During World War II, Nazi Germany engaged in a policy of deliberate maltreatment of Soviet prisoners of war (POWs), in contrast to their treatment of British and American POWs. This resulted in some 3.3 to 3.5 million deaths, or 57% of all Soviet POWs. During Operation Barbarossa, the Axis invasion of the Soviet Union, and the subsequent German–Soviet War, millions of Red Army prisoners of war were taken. Many were executed, arbitrarily in the field by the German forces or handed over to the SS to be shot, under the Commissar Order; most died during the death marches from the front lines or under inhumane conditions in German prisoner-of-war camps and concentration camps.

It is estimated that at least 3.3 million Soviet POWs died in Nazi custody, out of 5.7 million. This figure represents a total of 57% of all Soviet POWs and may be contrasted with 8,300 out of 231,000 British and U.S. prisoners, or 3.6%. About 5% of the Soviet prisoners who died were of Jewish ethnicity.
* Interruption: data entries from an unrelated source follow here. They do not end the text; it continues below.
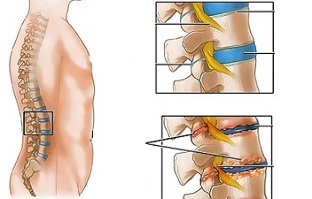 Causes of osteochondrosis of the lumbar spine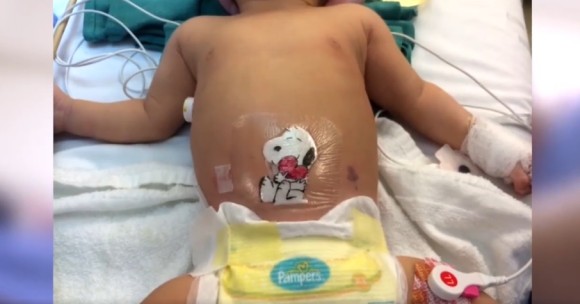 手術した子供たちを元気づけるため 治療後の患部に手描きのイラストパッチを付けてあげる医師 アメリカ カラパイア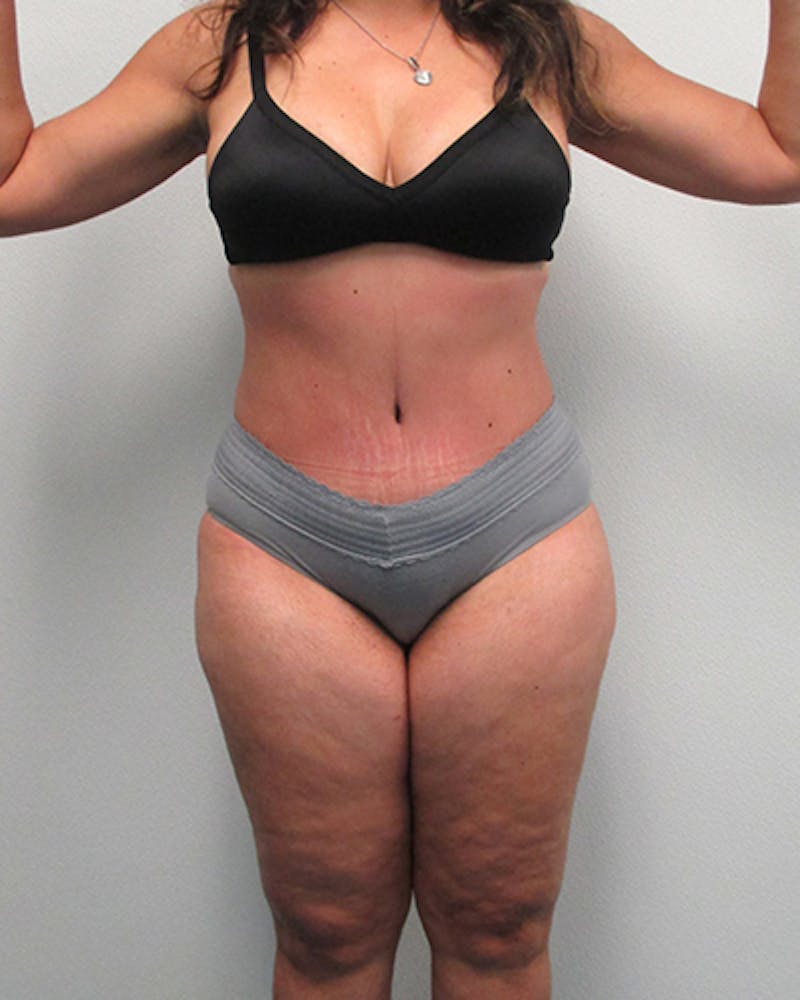 Tummy Tuck Before & After Gallery - Patient 316019 - Image 2
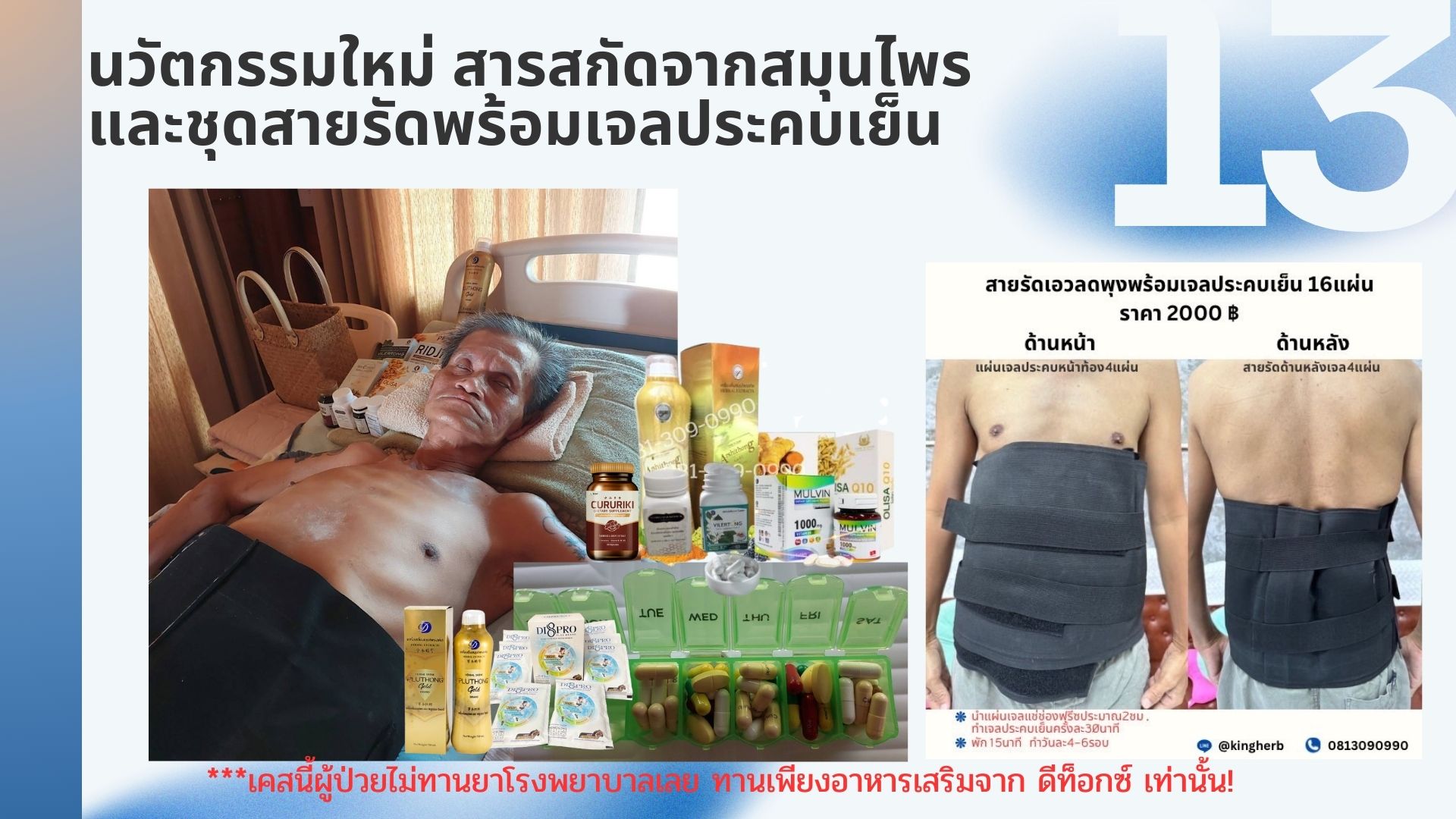 รีวิวผู้ป่วยโรคตับแข็ง รีวิวผู้ป่วยโรคตับแข็ง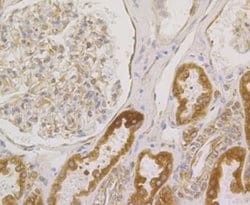 BCAP31 Antibody (JG37-81), Novus Biologicals 100 &mu;l; Unconjugated:Antibodies,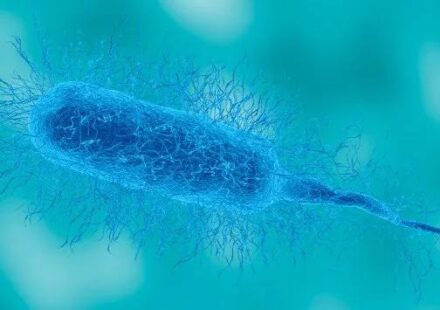 Florida health officials warn after first Vibrio death of 2026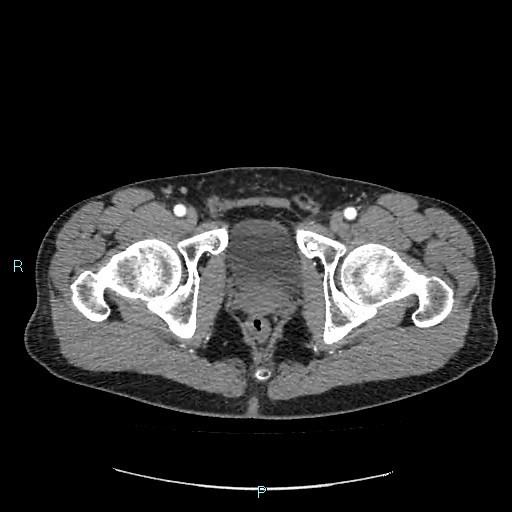 Adrenal cystic lymphangioma (Radiopaedia 83161-97534 Axial C+ arterial phase 97).jpg
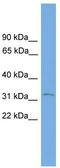 Serine Protease 21 antibody, TA335395, Origene, Western Blot image 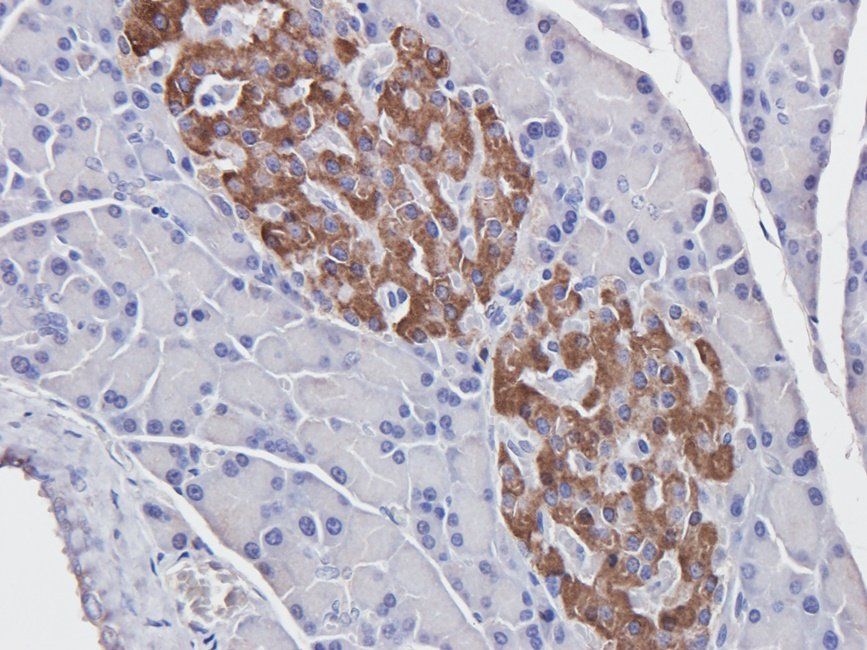 CDH17 antibody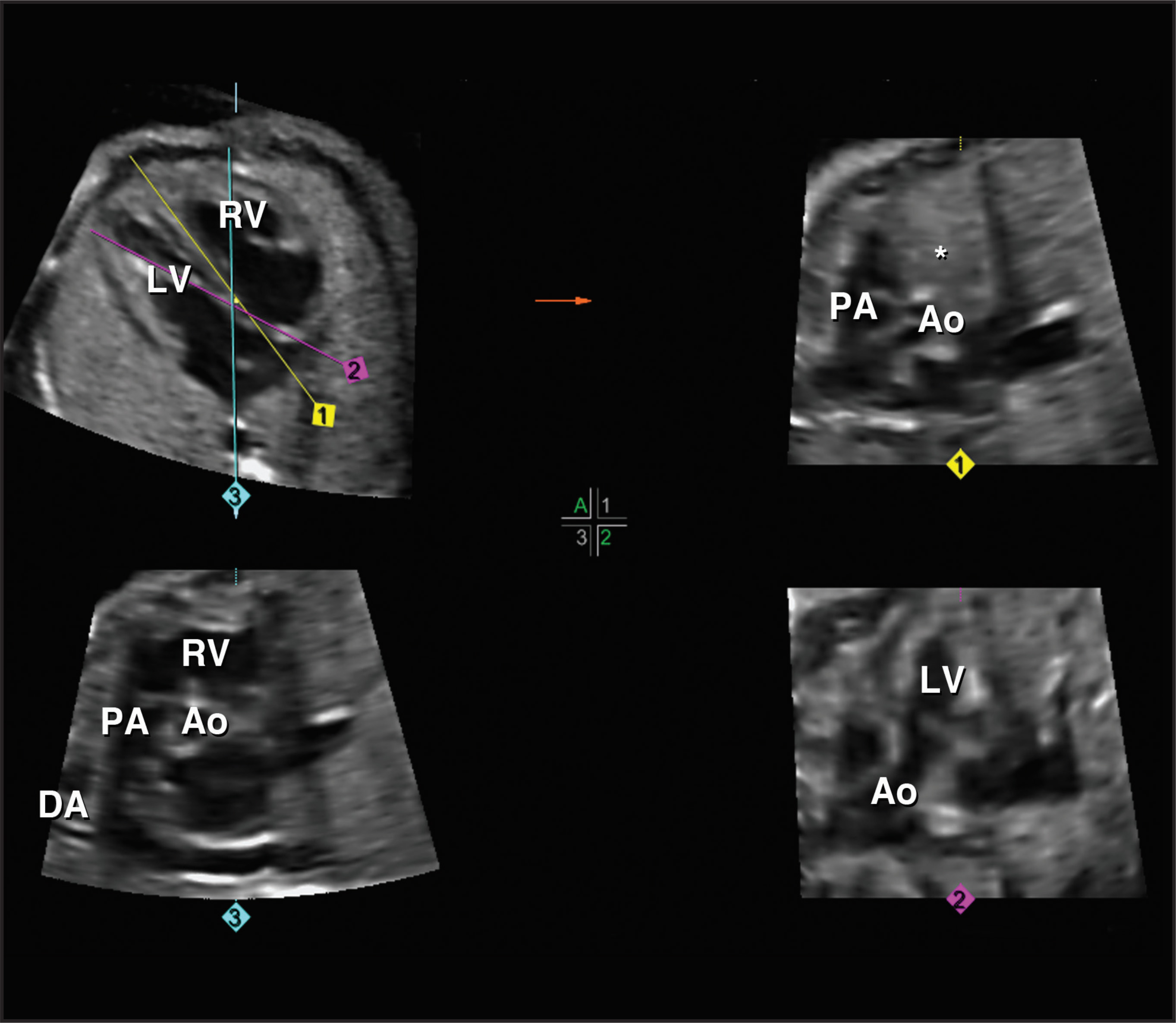 FIGURE 17.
The most deaths took place between June 1941 and January 1942, when the Germans killed an estimated 2.8 million Soviet POWs primarily through deliberate starvation,exposure, and summary execution, in what has been called, along with the Rwandan Genocide, an instance of "the most concentrated mass killing in human history (...) eclipsing the most exterminatory months of the Jewish Holocaust". By September 1941, the mortality rate among Soviet POWs was in the order of 1% per day. According to the United States Holocaust Memorial Museum (USHMM), by the winter of 1941, "starvation and disease resulted in mass death of unimaginable proportions". This deliberate starvation, leading many desperate prisoners to resort to acts of cannibalism, was Nazi policy in spite of food being available, in accordance to the Hunger Plan developed by the Reich Minister of Food Herbert Backe. For the Germans, Soviet POWs were expendable: they consumed calories needed by others and, unlike Western POWs, were considered to be subhuman.